### Recorded data:
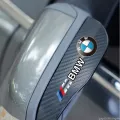 Night Knight Car Rearview Mirror To Block Rain And Eyebrows Suitable For Suzuki Vitara Swift XL7 Presso Dzire Jimny Ciaz Celerio Ertiga. 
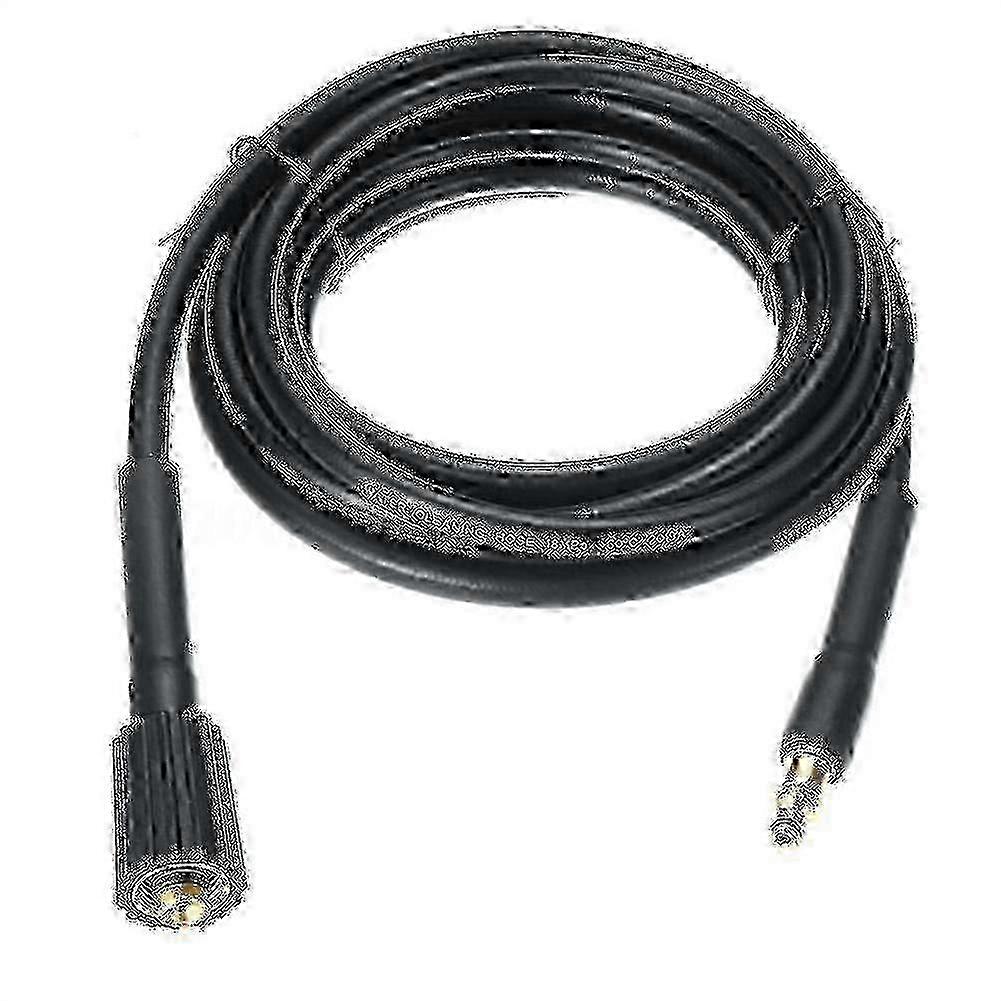 Nilfisk C100-C140 Replacement Hose High Pressure M22 Thread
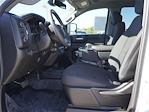 New 2025 Chevrolet Silverado 3500 Double Cab Service Truck for sale #254455F - photo 10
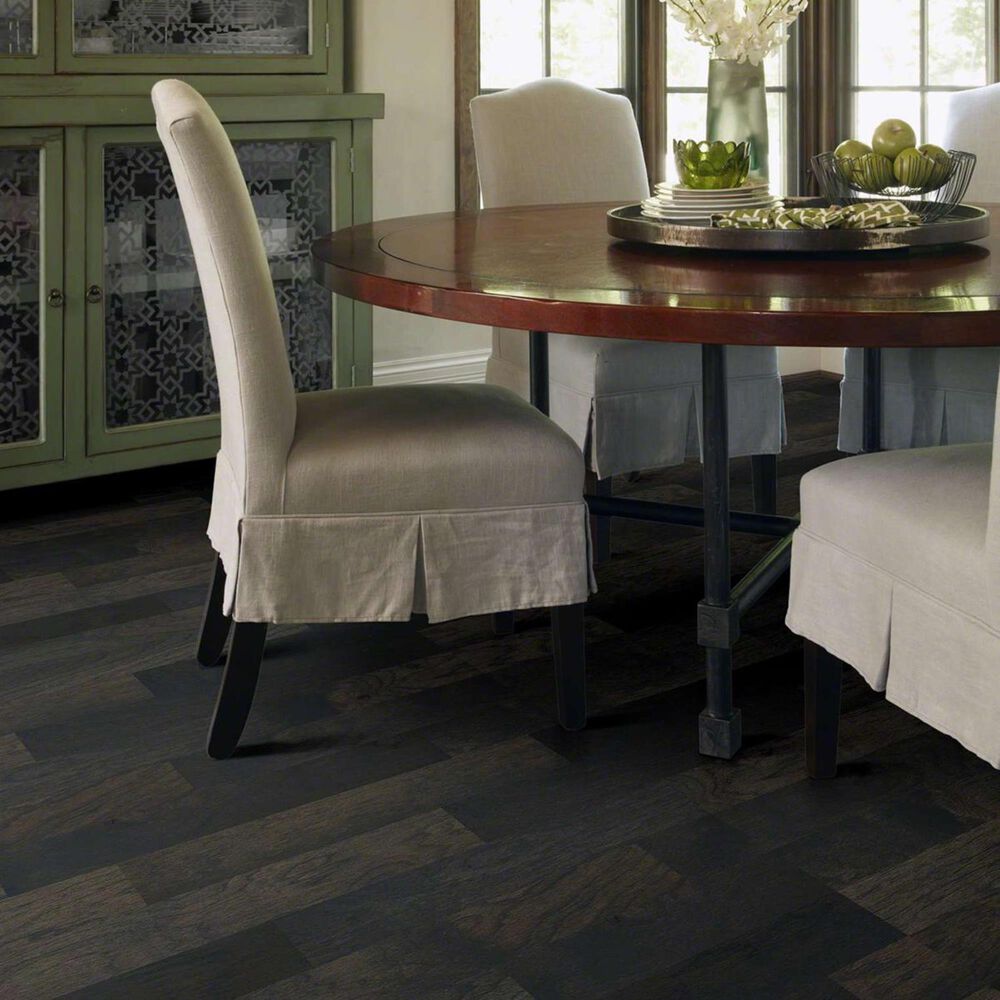 Shaw Northington Sable Hickory Hardwood, , large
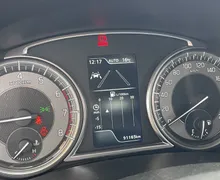 Zunanja slika - Suzuki Vitara - 1.4 Boosterjet AllGrip Hibrid Premium - 6 - Predogledna slika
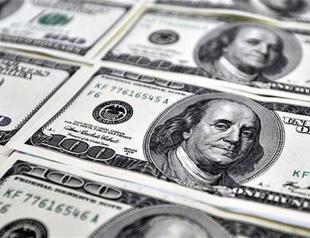 Foreign debts of Turkish private sector on the rise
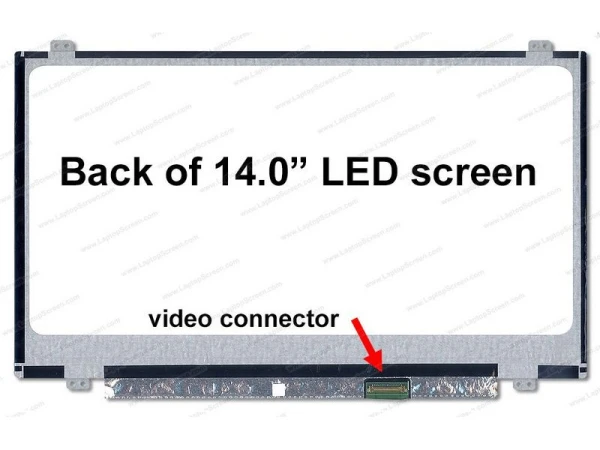 https://mobilgadget.rs/images/products/big/34027.webp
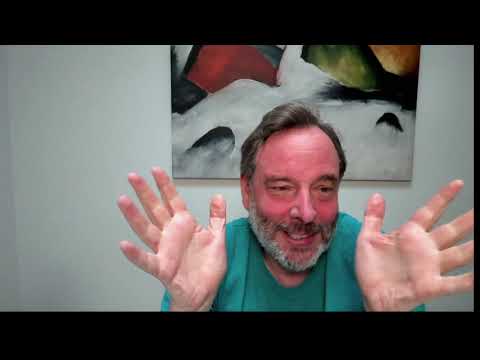 Double standards & emotional rollercoaster ride in relationships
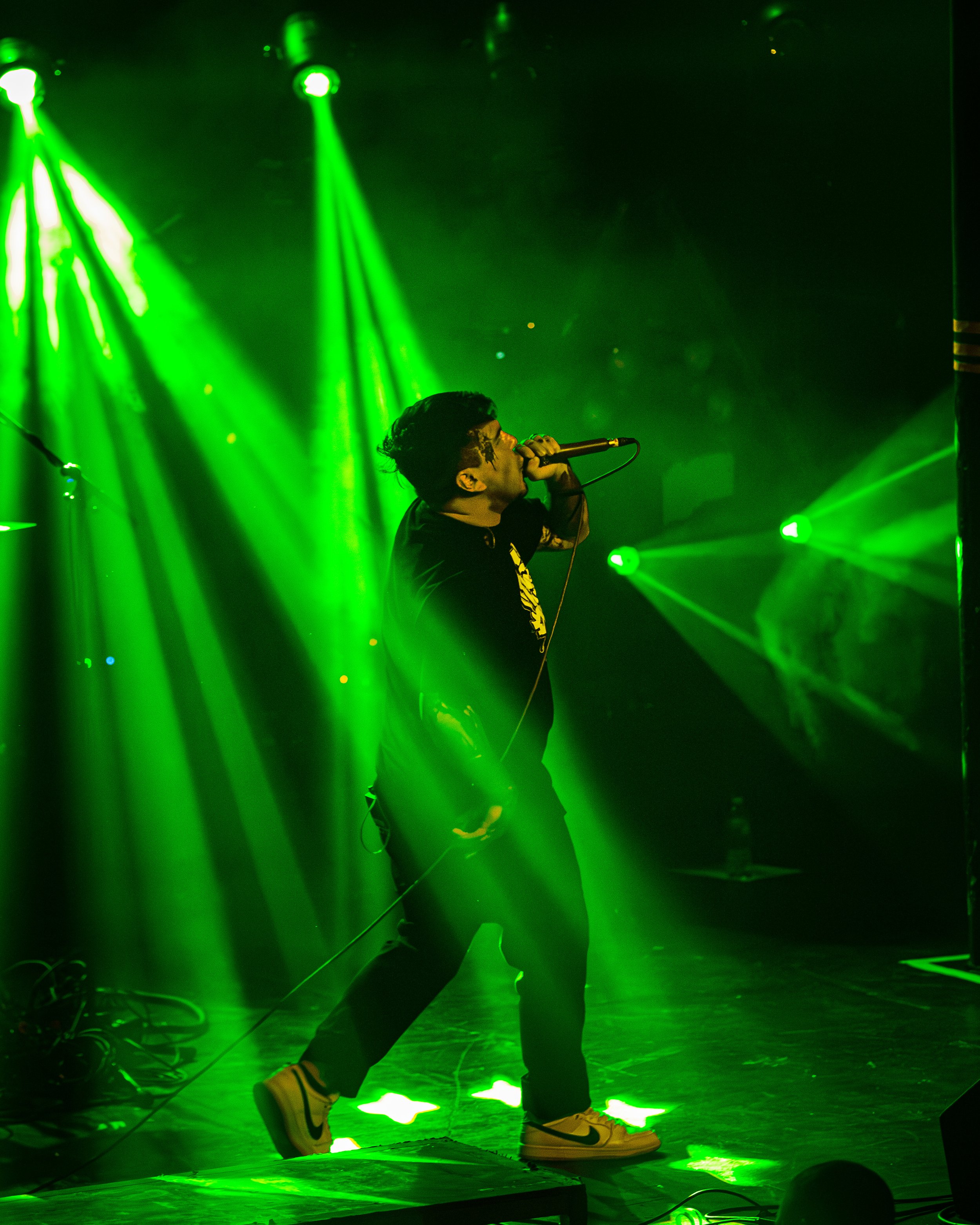 Bodysnatcher-22.jpg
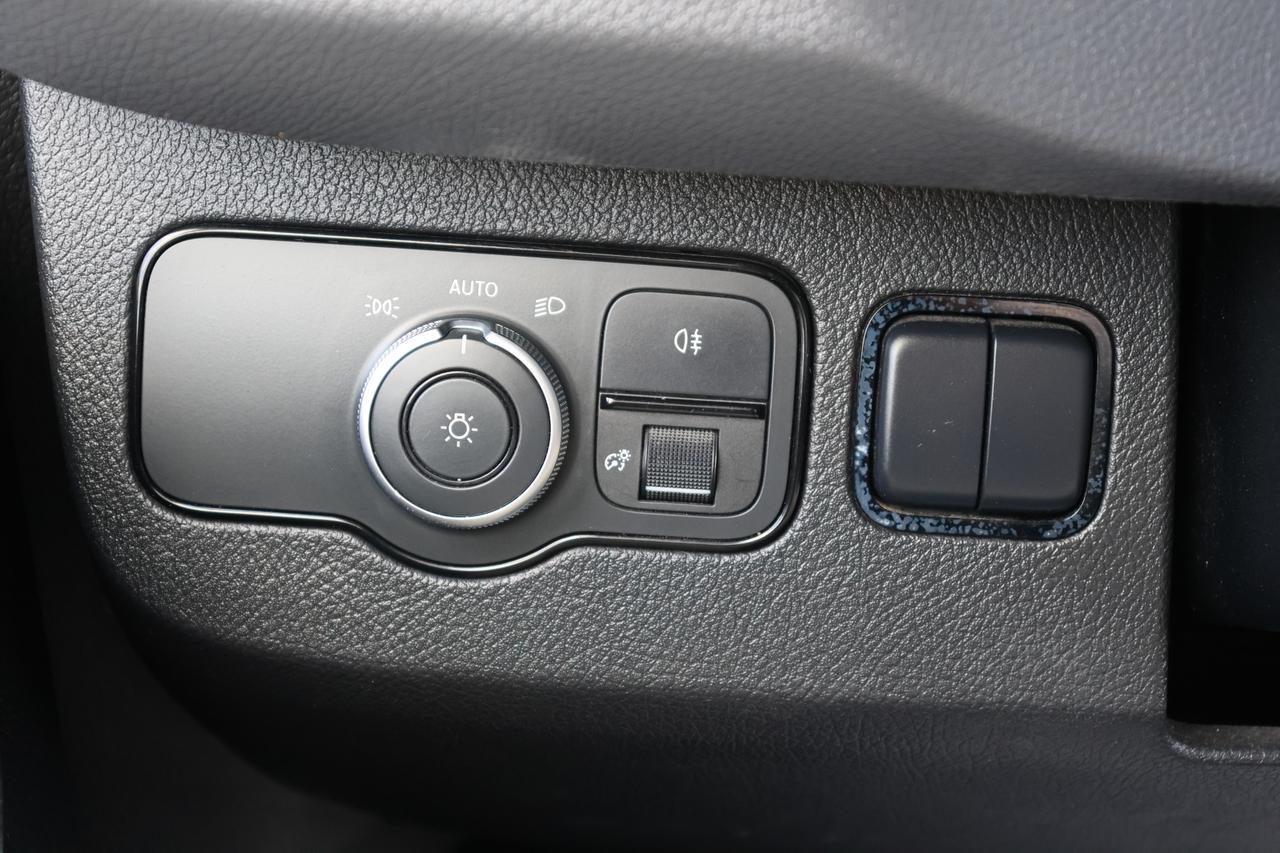 2019 MERCEDES-BENZ SPRINTER 2500/3500 Houston TX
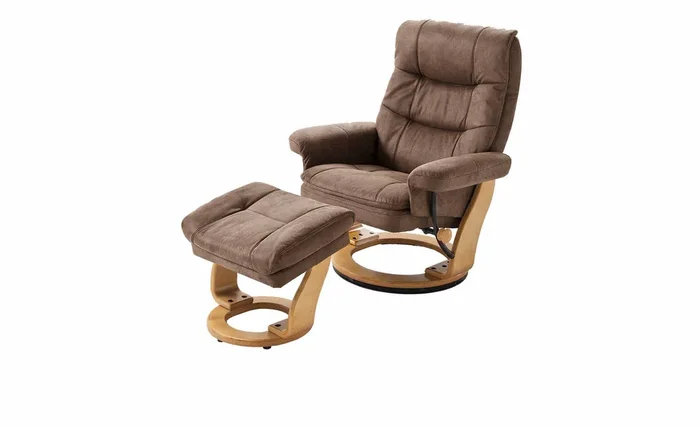 Relaxsessel Volterra L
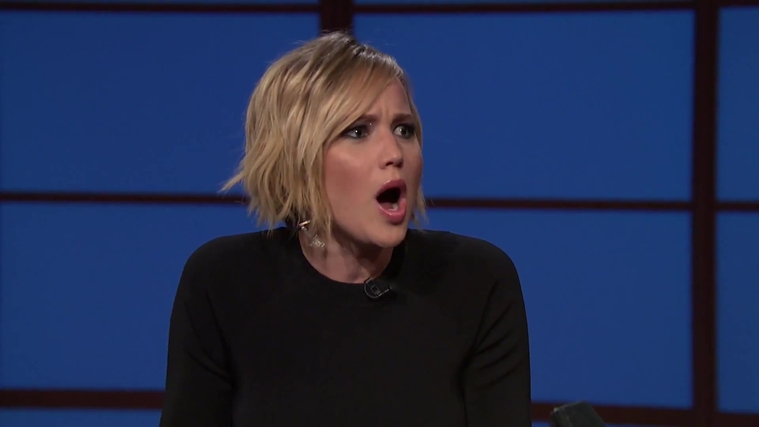 _Late_Night_with_Seth_Meyers_2816729.jpg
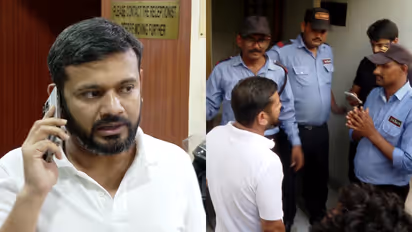 Kanhaiya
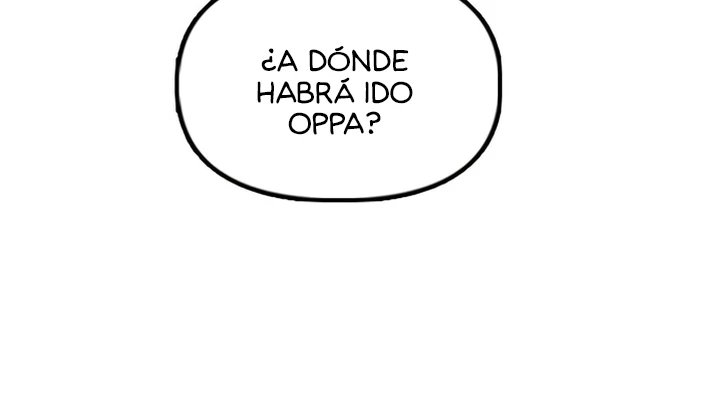 Ha llegado el final Capítulo 79 - Page 12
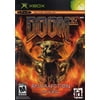 Activision DOOM 3: Resurrection of Evil, Expansion Pack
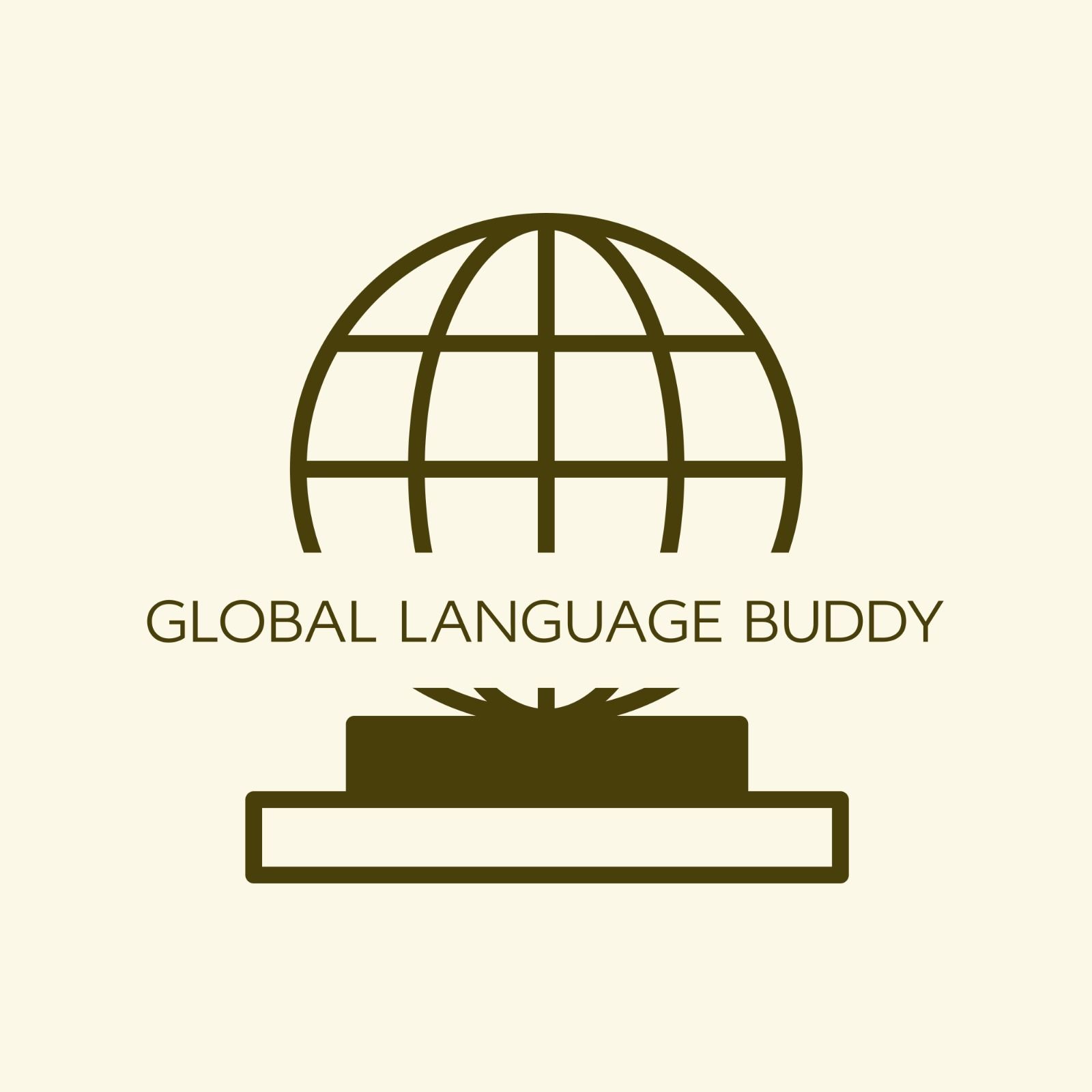 Global Language Buddy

### Assignment:
Exact reproduction is required for the lines from the one containing "Double standards &" through the end of the material, and for those lines only, without pictures.

### Response for this exercise:
 Double standards & emotional rollercoaster ride in relationships
 Bodysnatcher-22.jpg
 2019 MERCEDES-BENZ SPRINTER 2500/3500 Houston TX
 Relaxsessel Volterra L
 _Late_Night_with_Seth_Meyers_2816729.jpg
 Kanhaiya
 Ha llegado el final Capítulo 79 - Page 12
 Activision DOOM 3: Resurrection of Evil, Expansion Pack
 Global Language Buddy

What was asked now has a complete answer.